--- Excerpted data Enclosed Below ---

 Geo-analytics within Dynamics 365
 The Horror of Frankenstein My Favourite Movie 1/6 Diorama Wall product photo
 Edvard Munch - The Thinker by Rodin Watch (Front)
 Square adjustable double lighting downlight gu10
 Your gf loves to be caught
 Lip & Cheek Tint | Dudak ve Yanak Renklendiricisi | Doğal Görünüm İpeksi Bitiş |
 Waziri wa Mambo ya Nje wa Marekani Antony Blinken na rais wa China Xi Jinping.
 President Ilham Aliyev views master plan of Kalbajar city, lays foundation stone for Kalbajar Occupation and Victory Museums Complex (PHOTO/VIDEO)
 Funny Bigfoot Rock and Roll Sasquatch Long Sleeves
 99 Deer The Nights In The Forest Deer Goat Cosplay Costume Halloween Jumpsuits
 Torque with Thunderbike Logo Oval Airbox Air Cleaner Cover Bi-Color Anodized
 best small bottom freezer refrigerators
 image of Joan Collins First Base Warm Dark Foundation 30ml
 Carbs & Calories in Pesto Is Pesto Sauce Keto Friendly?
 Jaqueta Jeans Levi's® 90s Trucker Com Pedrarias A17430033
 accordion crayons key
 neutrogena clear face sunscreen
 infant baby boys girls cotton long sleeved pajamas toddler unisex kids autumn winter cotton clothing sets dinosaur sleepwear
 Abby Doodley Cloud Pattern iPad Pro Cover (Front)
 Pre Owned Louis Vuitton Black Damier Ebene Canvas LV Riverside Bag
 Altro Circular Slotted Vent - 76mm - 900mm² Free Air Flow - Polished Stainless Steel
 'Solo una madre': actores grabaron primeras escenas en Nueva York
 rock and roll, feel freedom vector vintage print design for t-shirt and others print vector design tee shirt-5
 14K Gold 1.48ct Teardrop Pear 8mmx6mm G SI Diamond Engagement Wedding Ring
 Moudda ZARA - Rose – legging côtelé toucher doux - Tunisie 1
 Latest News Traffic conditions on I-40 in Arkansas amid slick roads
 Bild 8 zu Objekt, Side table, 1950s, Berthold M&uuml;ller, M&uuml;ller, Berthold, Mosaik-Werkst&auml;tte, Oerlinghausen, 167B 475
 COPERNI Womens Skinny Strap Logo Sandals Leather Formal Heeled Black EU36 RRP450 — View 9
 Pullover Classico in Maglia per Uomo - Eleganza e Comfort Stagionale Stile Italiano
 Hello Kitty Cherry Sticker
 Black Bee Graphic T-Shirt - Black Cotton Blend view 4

--- End of Enclosed Excerpted data ---

• _What to work on_
Print the full listing verbatim. Leave nothing out.

• _Exercise response_
 Geo-analytics within Dynamics 365
 The Horror of Frankenstein My Favourite Movie 1/6 Diorama Wall product photo
 Edvard Munch - The Thinker by Rodin Watch (Front)
 Square adjustable double lighting downlight gu10
 Your gf loves to be caught
 Lip & Cheek Tint | Dudak ve Yanak Renklendiricisi | Doğal Görünüm İpeksi Bitiş |
 Waziri wa Mambo ya Nje wa Marekani Antony Blinken na rais wa China Xi Jinping.
 President Ilham Aliyev views master plan of Kalbajar city, lays foundation stone for Kalbajar Occupation and Victory Museums Complex (PHOTO/VIDEO)
 Funny Bigfoot Rock and Roll Sasquatch Long Sleeves
 99 Deer The Nights In The Forest Deer Goat Cosplay Costume Halloween Jumpsuits
 Torque with Thunderbike Logo Oval Airbox Air Cleaner Cover Bi-Color Anodized
 best small bottom freezer refrigerators
 image of Joan Collins First Base Warm Dark Foundation 30ml
 Carbs & Calories in Pesto Is Pesto Sauce Keto Friendly?
 Jaqueta Jeans Levi's® 90s Trucker Com Pedrarias A17430033
 accordion crayons key
 neutrogena clear face sunscreen
 infant baby boys girls cotton long sleeved pajamas toddler unisex kids autumn winter cotton clothing sets dinosaur sleepwear
 Abby Doodley Cloud Pattern iPad Pro Cover (Front)
 Pre Owned Louis Vuitton Black Damier Ebene Canvas LV Riverside Bag
 Altro Circular Slotted Vent - 76mm - 900mm² Free Air Flow - Polished Stainless Steel
 'Solo una madre': actores grabaron primeras escenas en Nueva York
 rock and roll, feel freedom vector vintage print design for t-shirt and others print vector design tee shirt-5
 14K Gold 1.48ct Teardrop Pear 8mmx6mm G SI Diamond Engagement Wedding Ring
 Moudda ZARA - Rose – legging côtelé toucher doux - Tunisie 1
 Latest News Traffic conditions on I-40 in Arkansas amid slick roads
 Bild 8 zu Objekt, Side table, 1950s, Berthold M&uuml;ller, M&uuml;ller, Berthold, Mosaik-Werkst&auml;tte, Oerlinghausen, 167B 475
 COPERNI Womens Skinny Strap Logo Sandals Leather Formal Heeled Black EU36 RRP450 — View 9
 Pullover Classico in Maglia per Uomo - Eleganza e Comfort Stagionale Stile Italiano
 Hello Kitty Cherry Sticker
 Black Bee Graphic T-Shirt - Black Cotton Blend view 4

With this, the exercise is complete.